A frontrunner in the French presidential elections, Emmanuel Macron, vowed Thursday to end nepotism in government, as it was announced his rival Francois Fillon would be charged over a fake jobs scandal.
Macron, a 39-year-old centrist and former economy minister, who has been criticised for being too vague on policy, laid out his agenda for Le Parisien newspaper.
"We will forbid parliamentarians from employing their family members, to put an end to nepotism," Macron told the paper, adding that he also aimed to reduce conflicts of interest by prohibiting deputies from carrying out advisory activities.
Macron's agenda comes as a poll showed that only one in four French people thought embattled rightwing candidate Fillon, once considered a favourite, should carry on his presidential bid.
He has been hit by allegations over the past five weeks that he paid his British-born wife Penelope and two of their children hundreds of thousands of euros since 1988 for fake parliamentary jobs.

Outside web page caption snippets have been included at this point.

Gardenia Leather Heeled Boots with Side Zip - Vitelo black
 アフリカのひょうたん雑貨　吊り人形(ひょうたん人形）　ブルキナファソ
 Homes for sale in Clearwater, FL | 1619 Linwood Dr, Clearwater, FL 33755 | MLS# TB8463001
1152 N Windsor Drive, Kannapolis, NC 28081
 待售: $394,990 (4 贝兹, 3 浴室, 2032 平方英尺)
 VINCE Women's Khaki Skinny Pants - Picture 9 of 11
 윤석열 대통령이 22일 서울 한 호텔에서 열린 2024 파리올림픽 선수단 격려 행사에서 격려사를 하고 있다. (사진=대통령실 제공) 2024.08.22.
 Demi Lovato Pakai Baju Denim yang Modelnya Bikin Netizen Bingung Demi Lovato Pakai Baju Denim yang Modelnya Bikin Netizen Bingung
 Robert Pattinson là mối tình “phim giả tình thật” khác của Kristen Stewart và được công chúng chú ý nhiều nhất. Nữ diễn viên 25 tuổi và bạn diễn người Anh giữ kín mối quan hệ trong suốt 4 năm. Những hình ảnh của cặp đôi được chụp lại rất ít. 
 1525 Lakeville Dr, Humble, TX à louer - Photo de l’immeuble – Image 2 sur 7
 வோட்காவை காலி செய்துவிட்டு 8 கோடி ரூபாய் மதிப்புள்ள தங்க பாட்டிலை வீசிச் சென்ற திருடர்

Fillon said on Wednesday that charges against him were set to be announced on March 15 but that he was a victim of "political assassination" and vowed to stay in the race.
Fillon's being summoned means that investigating magistrates believe there is enough evidence to charge him for embezzlement of public funds, which could lead to a trial.
Analysts have said either Macron or far-right candidate Marine le Pen are best placed to benefit from Fillon's woes.